Young people in China all wanted Nokias, while Kejian was seen as a bit uncool.  Li Tie has changed that and exposed the company to new markets in Europe.

Everton is just one of the Premiership clubs looking to take advantage of the growing popularity of football leading up to the Women's World Cup next year.

Manchester City, Liverpool and Newcastle United are all talking about pre-season tours, following in the footsteps of the original western trailblazers, West Bromwich Albion.

Andy Hosie, Everton's head of marketing, said: "We have seen a huge increase in awareness in the Chinese community.  It is difficult for us to comprehend the star status of these guys in China, where they are more popular than the likes of Beckham or Owen."

Hosie has local agencies looking for advertising opportunities in China and the club plans to finance academies to foster domestic talent.  Scholarships at Everton will be offered to promising players to further forge links with China.  "There must be ten David Beckhams in China that have just never been found," he said.

On Wednesday, hundreds of millions of people will not care less about David Beckham, Asia's adopted icon.  They have two of their own to worship.


Eastern View
The Times
Monday 30 December 2002

by OLIVER AUGUST

MILLIONS OF CHINESE football fans will be watching Wednesday's Manchester City-Everton match on television to witness a clash between two of China's most famous players.  Hu Bing, an official at the China Athletic Association, said: "The most important thing for us is to see whether the Chinese players will play from the beginning."

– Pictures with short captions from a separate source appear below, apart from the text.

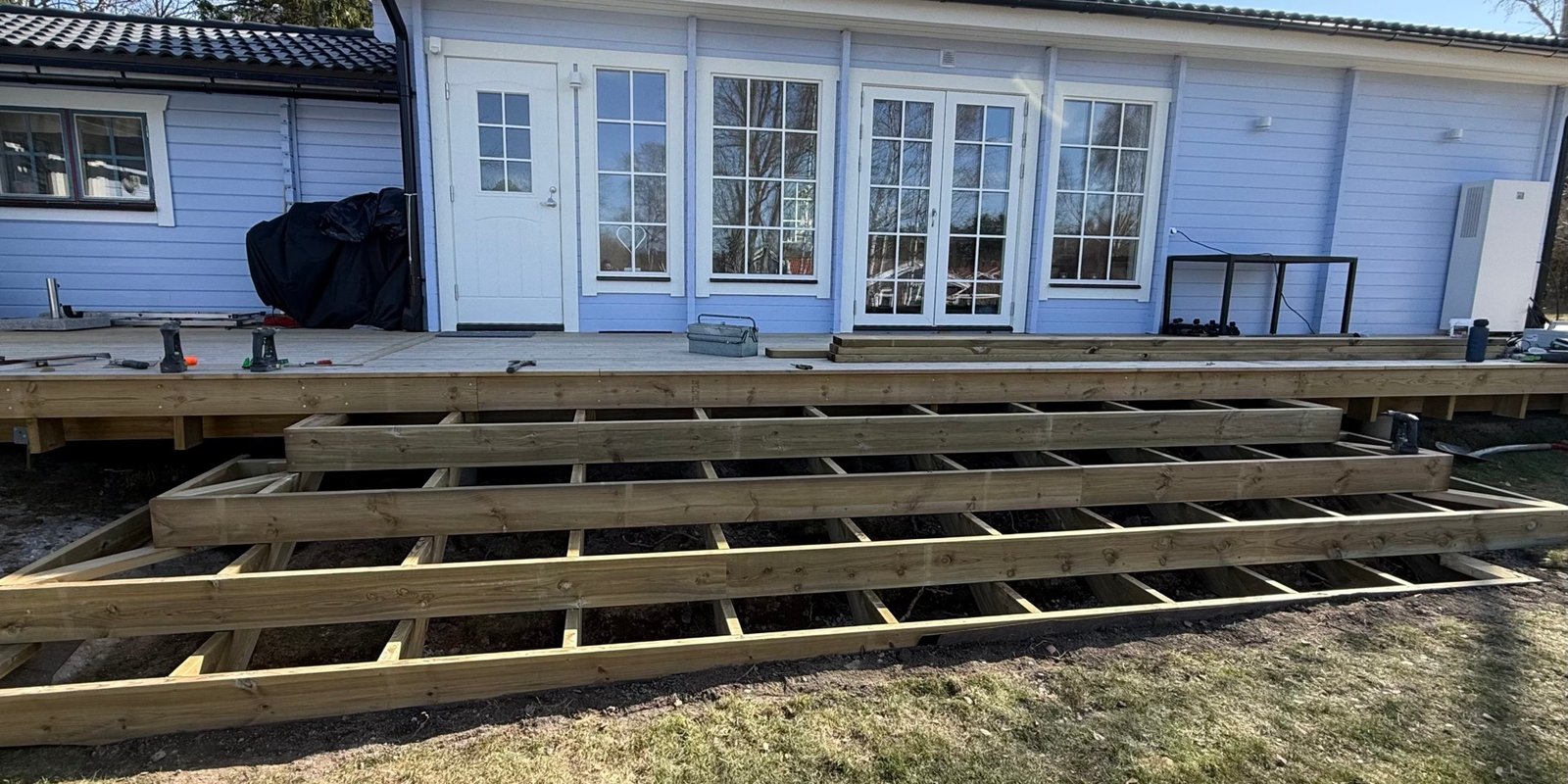 Altanrenovering med ny trästomme och trall framför hus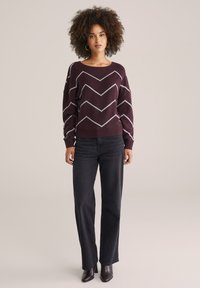 Bordeauxfarbenes Sweatshirt mit einem weißen Zickzackmuster, lockere Passform, lange Ärmel. Kombiniert mit schwarzen weit geschnittenen Jeans und Stiefeln mit Absatz.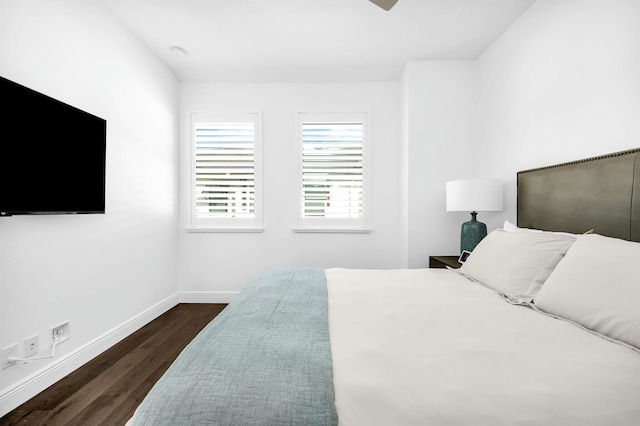 bedroom featuring dark hardwood / wood-style flooring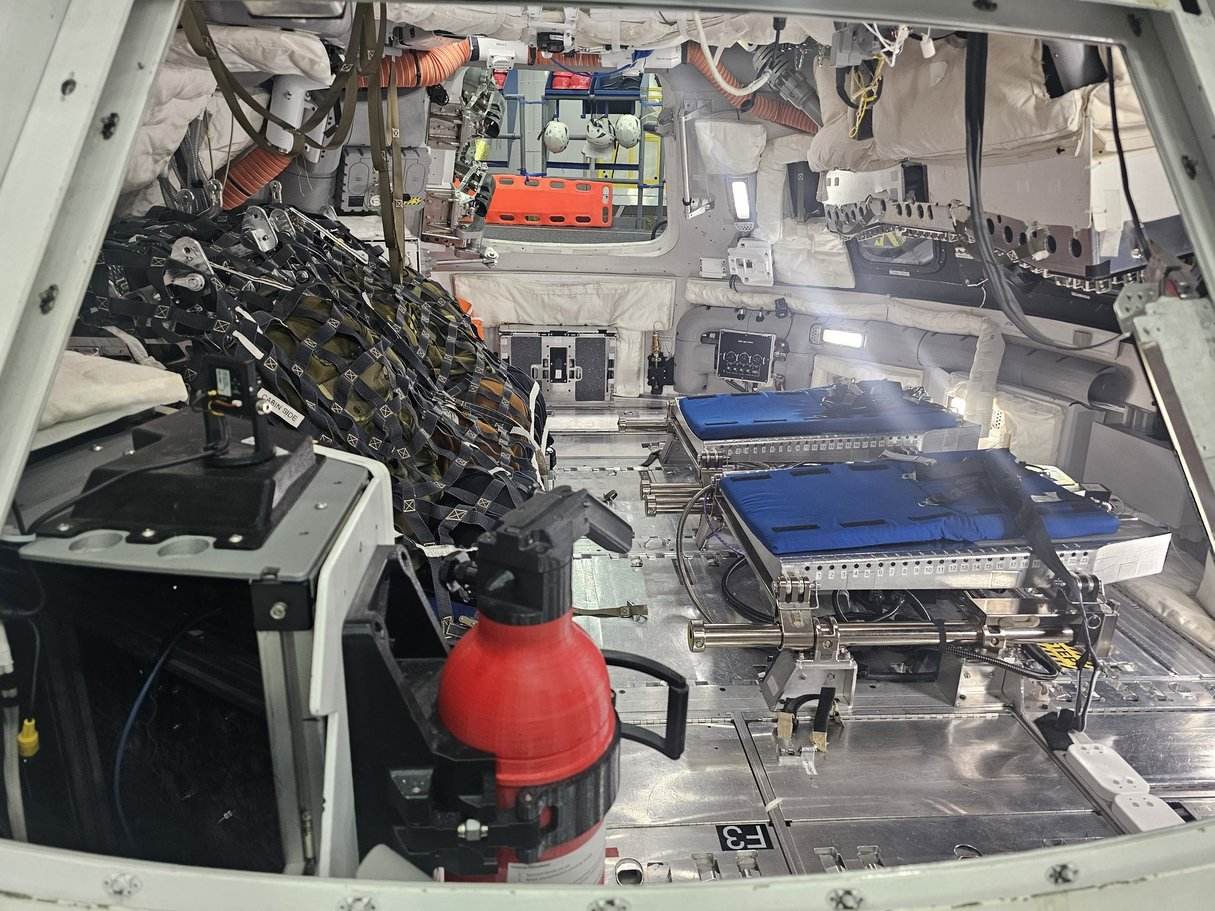 A photo showing the interior of a spacecraft capsule.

The young official himself is a Liverpool fan and his obsession with the Premiership has inspired him to seek a British government scholarship to study in Liverpool.

According to Mr Hu, it is still not clear whether state television stations will transmit the match.  "If they don't," he said, "we will just find some hotel rooms with satellite television."

In Hong Kong, the former British territory, supporters will be crowding into Dicken's Bar, a sports bar in Causeway Bay, where barman Wrinky Lau is predicting a full house.

He said: "Both teams have a Chinese player, Li Tie and Sun Jihai. That's very exciting for us.  It's good for Chinese players to show up in top-level games in the world."

For many Chinese the match is tinged with patriotism.  The barman said: "We don't see the Chinese players in UK very often.  But we are proud of them since it means they have reached top standard."

He compared the players to Yao Ming, the new Chinese superstar basketball player in the United States.  Chiu Lo Wah, who visited the bar with friends, said: "I know two Chinese players will play in the match between Everton and Manchester City.

"During the World Cup I watched all of China's matches.  I support all Chinese players because I am Chinese."

Asked about her interest in football, she said: "I used to play soccer myself, but just for fun.  I'm not good at it.  The field is too big and I can't quite make out where I am.  But I like this bar for the atmosphere."